Exercise material:
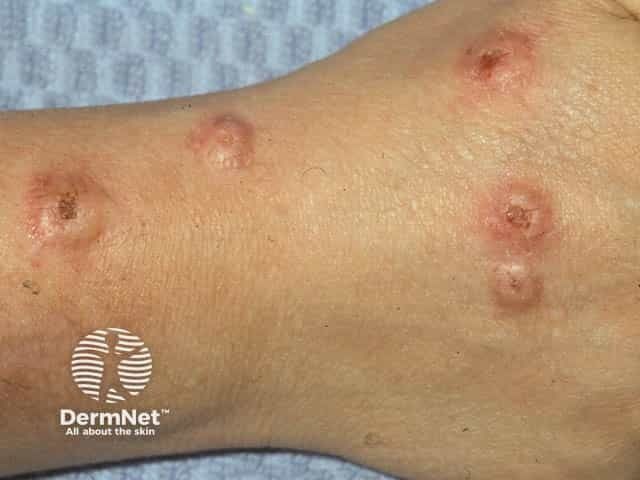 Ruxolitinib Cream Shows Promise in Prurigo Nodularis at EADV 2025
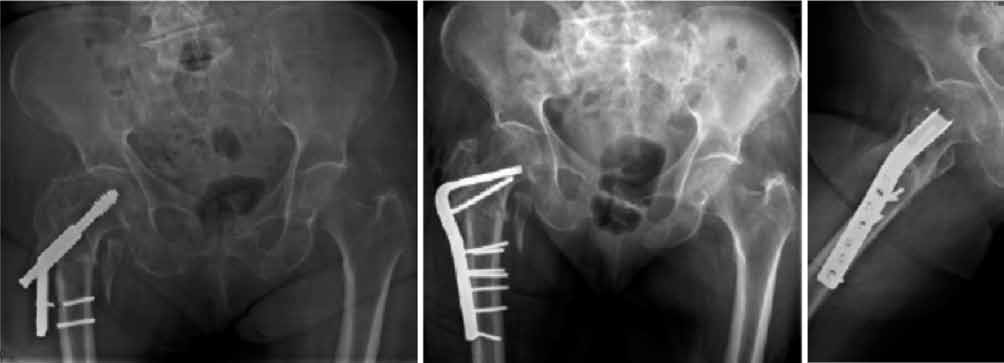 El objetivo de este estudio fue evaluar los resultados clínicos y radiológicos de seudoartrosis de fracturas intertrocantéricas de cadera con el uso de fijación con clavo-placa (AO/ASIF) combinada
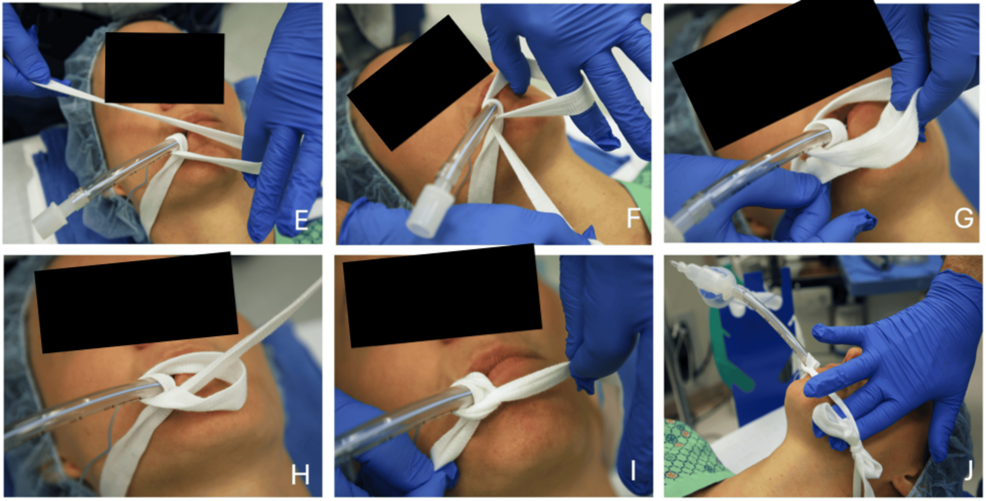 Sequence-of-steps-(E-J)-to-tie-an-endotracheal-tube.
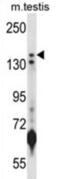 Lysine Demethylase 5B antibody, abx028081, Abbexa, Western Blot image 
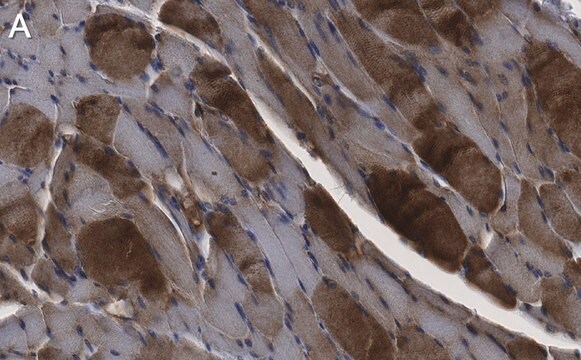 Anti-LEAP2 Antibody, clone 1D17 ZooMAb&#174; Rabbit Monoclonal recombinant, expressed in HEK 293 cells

--

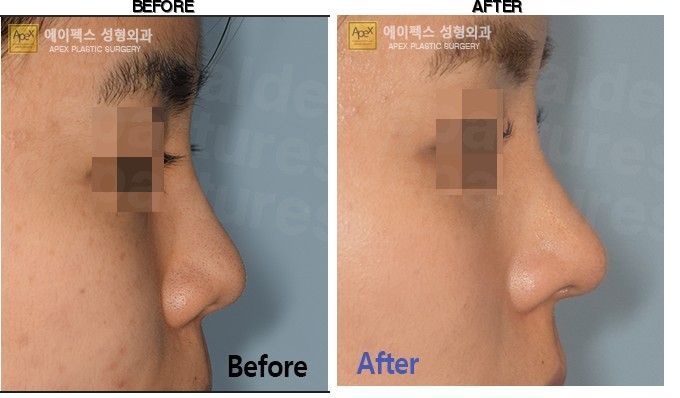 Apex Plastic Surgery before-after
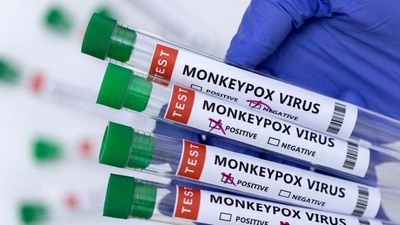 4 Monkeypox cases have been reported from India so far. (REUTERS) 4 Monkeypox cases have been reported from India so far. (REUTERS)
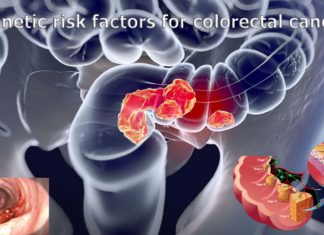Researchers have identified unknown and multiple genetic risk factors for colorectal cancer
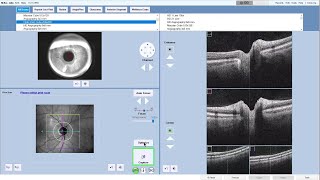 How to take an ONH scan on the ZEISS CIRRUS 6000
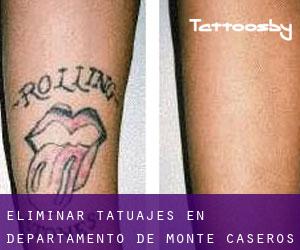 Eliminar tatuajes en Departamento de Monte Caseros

Your objective:
When you reach the line with "Sequence-of-steps-(E-J)-to-tie-an-endotracheal-tube." in the records above, begin repeating the lines exactly, and stop after the line with "Anti-LEAP2 Antibody, clone". Skip all pictures.

Response area:
 Sequence-of-steps-(E-J)-to-tie-an-endotracheal-tube.
 Lysine Demethylase 5B antibody, abx028081, Abbexa, Western Blot image 
 Anti-LEAP2 Antibody, clone 1D17 ZooMAb&#174; Rabbit Monoclonal recombinant, expressed in HEK 293 cells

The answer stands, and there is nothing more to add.